ASSIGNED TASK: Reproduce exactly, and only, the lines below from the one containing "A built-in fire" through the one containing "Posezení v ubytování".

INFORMATION:
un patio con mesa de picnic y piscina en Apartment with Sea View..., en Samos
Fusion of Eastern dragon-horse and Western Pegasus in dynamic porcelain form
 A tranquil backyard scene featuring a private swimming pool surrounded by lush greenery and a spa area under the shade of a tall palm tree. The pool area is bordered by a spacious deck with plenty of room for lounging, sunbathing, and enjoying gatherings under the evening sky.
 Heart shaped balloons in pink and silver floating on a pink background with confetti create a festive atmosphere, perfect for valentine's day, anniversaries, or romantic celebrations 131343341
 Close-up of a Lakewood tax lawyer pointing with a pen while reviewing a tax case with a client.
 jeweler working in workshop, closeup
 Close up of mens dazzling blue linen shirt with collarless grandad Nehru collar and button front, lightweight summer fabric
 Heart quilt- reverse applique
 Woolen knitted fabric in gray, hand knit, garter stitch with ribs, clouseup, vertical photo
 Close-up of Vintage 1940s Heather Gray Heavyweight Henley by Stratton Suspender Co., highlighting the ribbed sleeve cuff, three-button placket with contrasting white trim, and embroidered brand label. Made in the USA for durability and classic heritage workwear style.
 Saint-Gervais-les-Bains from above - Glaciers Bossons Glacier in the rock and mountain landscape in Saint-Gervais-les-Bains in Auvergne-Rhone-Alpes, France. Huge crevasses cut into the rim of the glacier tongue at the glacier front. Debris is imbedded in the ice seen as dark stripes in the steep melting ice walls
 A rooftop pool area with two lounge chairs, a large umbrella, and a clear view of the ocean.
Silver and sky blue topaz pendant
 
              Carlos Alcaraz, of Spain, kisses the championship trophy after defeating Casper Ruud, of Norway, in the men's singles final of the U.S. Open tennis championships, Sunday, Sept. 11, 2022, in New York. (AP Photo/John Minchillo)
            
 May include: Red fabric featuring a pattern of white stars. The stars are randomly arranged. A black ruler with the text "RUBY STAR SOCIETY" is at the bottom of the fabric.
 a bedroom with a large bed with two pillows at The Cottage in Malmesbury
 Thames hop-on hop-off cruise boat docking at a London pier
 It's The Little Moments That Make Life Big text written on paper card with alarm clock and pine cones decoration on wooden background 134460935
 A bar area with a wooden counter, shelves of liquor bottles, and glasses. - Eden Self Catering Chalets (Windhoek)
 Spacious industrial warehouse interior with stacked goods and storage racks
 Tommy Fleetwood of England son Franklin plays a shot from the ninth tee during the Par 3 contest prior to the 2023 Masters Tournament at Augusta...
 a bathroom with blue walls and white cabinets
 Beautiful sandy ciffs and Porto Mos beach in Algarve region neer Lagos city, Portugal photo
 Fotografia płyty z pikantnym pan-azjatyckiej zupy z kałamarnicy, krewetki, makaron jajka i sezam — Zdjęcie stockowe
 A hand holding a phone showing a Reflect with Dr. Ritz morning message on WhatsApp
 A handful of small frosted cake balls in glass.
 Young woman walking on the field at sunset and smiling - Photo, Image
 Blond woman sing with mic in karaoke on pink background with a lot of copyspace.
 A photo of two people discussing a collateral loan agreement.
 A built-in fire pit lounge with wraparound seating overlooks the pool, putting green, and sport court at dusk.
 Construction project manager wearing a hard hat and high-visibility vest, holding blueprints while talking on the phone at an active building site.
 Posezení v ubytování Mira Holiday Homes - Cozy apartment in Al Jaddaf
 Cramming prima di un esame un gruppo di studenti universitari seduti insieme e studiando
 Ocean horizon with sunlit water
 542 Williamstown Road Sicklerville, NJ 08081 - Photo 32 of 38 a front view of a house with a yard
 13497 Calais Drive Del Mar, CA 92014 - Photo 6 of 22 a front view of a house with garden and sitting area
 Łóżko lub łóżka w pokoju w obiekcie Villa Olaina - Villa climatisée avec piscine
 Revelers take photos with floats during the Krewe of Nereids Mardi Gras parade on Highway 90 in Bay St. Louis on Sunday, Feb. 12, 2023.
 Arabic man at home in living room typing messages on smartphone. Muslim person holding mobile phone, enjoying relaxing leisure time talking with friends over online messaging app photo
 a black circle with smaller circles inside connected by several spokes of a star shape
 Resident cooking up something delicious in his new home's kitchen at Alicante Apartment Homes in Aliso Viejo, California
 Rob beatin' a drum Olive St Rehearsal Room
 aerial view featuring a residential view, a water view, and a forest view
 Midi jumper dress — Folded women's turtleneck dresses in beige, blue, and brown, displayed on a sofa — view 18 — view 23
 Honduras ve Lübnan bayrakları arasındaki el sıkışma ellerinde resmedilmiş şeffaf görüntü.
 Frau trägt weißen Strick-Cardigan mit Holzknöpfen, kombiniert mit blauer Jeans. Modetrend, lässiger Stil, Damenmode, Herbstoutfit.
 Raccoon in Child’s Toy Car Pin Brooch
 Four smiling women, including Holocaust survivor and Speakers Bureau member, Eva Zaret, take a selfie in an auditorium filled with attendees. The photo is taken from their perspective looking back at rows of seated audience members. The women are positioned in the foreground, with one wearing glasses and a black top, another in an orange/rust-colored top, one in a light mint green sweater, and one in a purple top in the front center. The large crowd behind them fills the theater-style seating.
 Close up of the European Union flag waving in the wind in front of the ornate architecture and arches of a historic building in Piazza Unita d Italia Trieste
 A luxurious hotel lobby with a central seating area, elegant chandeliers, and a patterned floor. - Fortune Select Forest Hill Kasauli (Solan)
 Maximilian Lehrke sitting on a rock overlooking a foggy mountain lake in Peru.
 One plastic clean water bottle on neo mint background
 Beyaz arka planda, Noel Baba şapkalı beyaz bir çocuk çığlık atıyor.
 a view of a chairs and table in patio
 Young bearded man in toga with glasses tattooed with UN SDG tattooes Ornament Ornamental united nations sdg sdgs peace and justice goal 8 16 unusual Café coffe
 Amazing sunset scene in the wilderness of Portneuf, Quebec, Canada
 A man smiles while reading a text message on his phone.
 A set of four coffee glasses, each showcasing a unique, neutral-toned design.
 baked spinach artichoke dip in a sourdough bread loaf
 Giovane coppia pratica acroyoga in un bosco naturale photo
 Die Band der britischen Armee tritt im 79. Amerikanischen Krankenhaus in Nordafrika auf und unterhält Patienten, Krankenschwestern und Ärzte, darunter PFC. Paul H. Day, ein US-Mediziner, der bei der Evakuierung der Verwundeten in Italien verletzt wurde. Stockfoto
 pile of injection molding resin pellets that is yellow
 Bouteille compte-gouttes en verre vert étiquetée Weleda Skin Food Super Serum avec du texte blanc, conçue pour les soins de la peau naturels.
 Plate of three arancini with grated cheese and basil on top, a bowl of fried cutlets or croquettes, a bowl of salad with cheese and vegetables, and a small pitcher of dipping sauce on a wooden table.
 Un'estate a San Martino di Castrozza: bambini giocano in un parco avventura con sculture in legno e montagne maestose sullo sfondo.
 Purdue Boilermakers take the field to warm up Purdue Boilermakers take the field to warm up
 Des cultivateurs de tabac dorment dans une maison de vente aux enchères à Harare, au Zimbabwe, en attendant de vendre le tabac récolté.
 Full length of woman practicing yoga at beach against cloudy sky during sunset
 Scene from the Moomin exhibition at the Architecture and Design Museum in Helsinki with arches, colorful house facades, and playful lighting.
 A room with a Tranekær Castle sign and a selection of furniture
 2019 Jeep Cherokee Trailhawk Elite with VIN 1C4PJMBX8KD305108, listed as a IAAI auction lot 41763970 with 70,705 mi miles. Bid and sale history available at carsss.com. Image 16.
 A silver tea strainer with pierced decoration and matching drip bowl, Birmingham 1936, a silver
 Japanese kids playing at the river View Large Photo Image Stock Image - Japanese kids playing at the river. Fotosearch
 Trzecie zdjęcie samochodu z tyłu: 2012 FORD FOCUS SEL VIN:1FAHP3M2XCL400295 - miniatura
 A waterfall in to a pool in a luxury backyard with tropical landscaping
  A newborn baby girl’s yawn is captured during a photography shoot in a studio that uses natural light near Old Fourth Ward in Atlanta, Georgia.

OUTPUT FOR THIS EXERCISE:
 A built-in fire pit lounge with wraparound seating overlooks the pool, putting green, and sport court at dusk.
 Construction project manager wearing a hard hat and high-visibility vest, holding blueprints while talking on the phone at an active building site.
 Posezení v ubytování Mira Holiday Homes - Cozy apartment in Al Jaddaf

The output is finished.